Benjamin realmente quería estallar, pero con las cámaras grabando, puso una sonrisa forzada y dijo:
—De acuerdo, lo recordaré.
—¿Has comido, Instructor Curry? —Emily Thomas aún no había tocado su comida y me preguntó.
Respondí:
—No te preocupes, todos adelante. Yo comeré en el comedor.
—Entonces iré contigo. Ya que comeremos aquí en el futuro, podría empezar a acostumbrarme ahora —dijo Emily, entregándole su comida a su manager y preparándose para irse conmigo.
La cara de Benjamin mostró brevemente incomodidad, más bien ira.
Mientras bajaba las escaleras, vi a Emily siguiéndome, sabiendo que estaba siendo valiente. La provoqué juguetonamente:
—La comida del comedor del ejército no es tan sabrosa como la de fuera. No te fuerces.
Emily caminaba junto a mí, y caminábamos juntos, lado a lado.
—Deberías probar cosas que no has experimentado, ¿verdad?
Negué con la cabeza, sonriendo:
—La comida del comedor puede ser desordenada, pero después del entrenamiento, cuando tienes hambre, sabe bastante bien. Por cierto, ¿ese tipo está interesado en ti?
Emily se rió, mirándome con encanto:
—Hay muchos hombres interesados en mí. ¿Qué vas a hacer al respecto?
—Puede que no lo hubiera notado en otros lugares, pero dado que está en mi terreno, será mejor que se comporte. Los hombres de la Familia Curry, desde mi padre hasta mi generación, tenemos un gen loco.
—¿Qué quieres decir? —Emily.
—Mi padre ofendió a La Familia Thompson por mi madre. Yo también podría volverme loco por una mujer —yo, caminando, dije.

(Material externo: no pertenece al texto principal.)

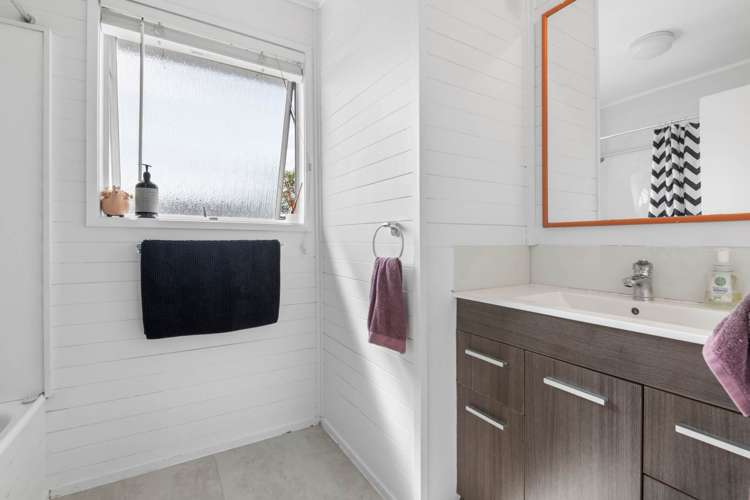 5 Cockayne Crescent Sunnynook_15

Emily me miró con una sonrisa radiante:
—¿Como cuál?
La miré:
—¡Ofender al mundo entero!
—¿Soy yo esa mujer? —la sonrisa de Emily se hizo aún más brillante.
Contuve una risa y la provoqué:
—¿Tú qué crees?
Emily rió sin restricciones, los dos hombro con hombro, como si volvieran a aquellos días escolares llenos de entendimiento tácito, el sol inclinado del mediodía fusionando sus sombras.

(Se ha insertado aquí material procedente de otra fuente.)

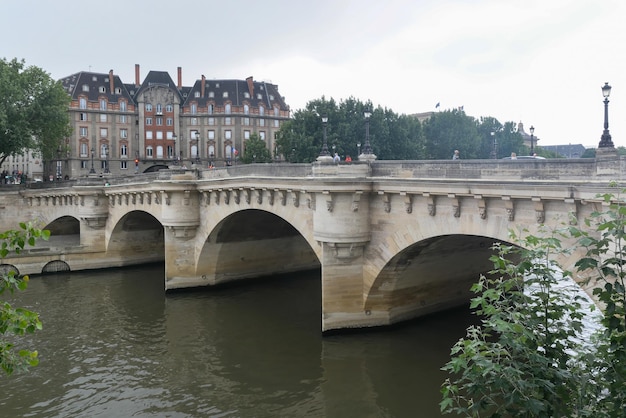 Das Seine-Ufer in Paris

El comedor militar estaba dividido en varias áreas. Dado que este enorme campamento albergaba a más de cincuenta mil soldados, no podían meterse todos en un solo lugar. En el área del Departamento de Operaciones Especiales, había cinco mil soldados de élite, así que el comedor era bastante grande.
Cuando llevé a Emily al comedor, algunos soldados que estaban metiendo grandes bocados de arroz en sus bocas vieron a Emily y escupieron su arroz sorprendidos. Inmediatamente, aquellos que engullían su comida comenzaron a sentarse erguidos como caballeros y cambiaron de devorar a masticar elegantemente.

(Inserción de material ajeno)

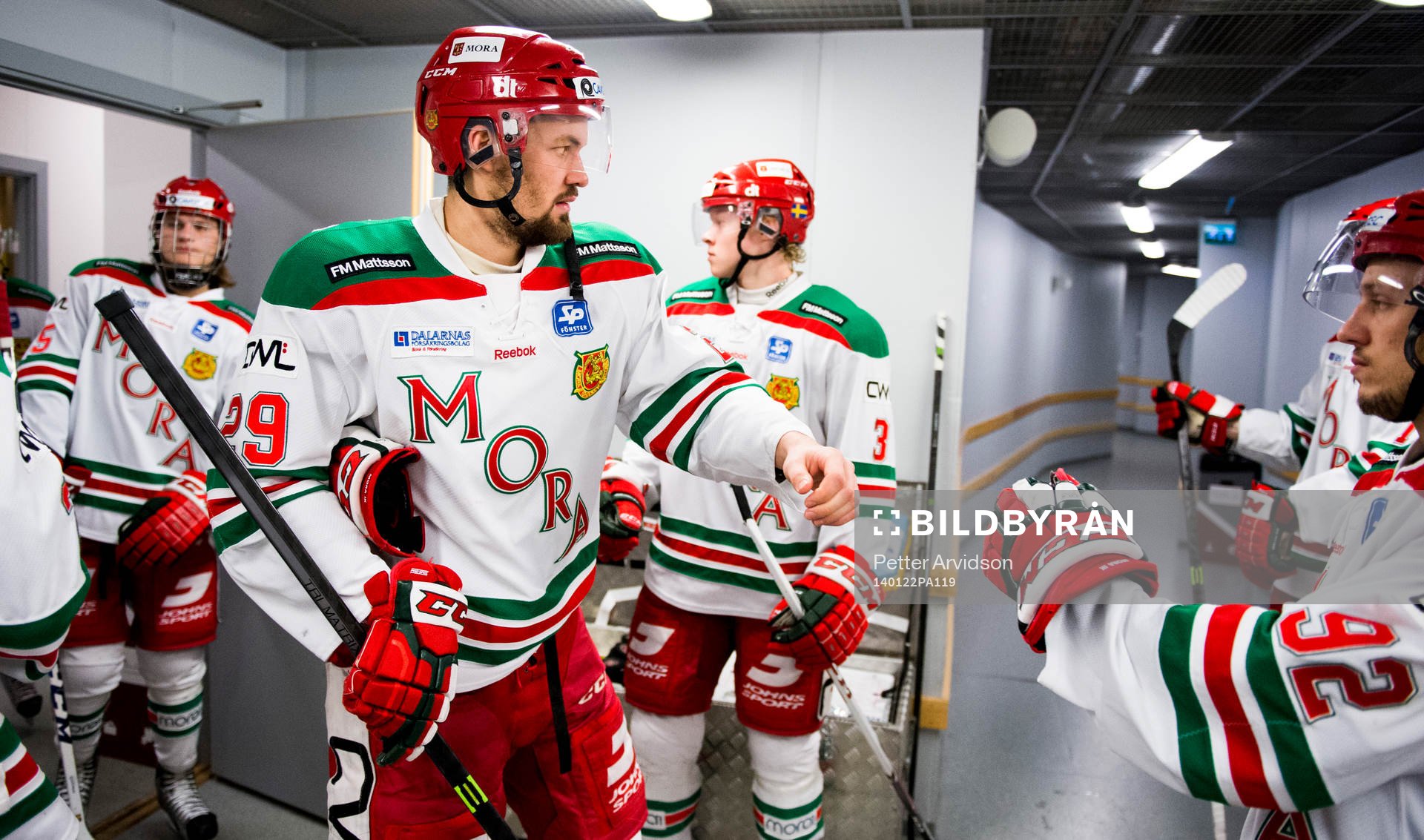 Moras Jonathan Johansson taggar med sina lagkamrater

Yo sabía cómo eran estos tipos y les dije a los que habían escupido comida:
—Si desperdician comida, ¡darán diez vueltas al patio de entrenamiento!
En un instante, esos soldados recogieron rápidamente el arroz que habían escupido sobre la mesa con cucharas y continuaron metiéndoselo en la boca, mostrando que estaban bastante intimidados por mí.
—¿Parecen un poco asustados de ti? —Emily me preguntó con curiosidad.
Me reí irónicamente:
—Accidentalmente envié al hospital ayer al ídolo que adoran, así que ahora me tienen un poco de miedo.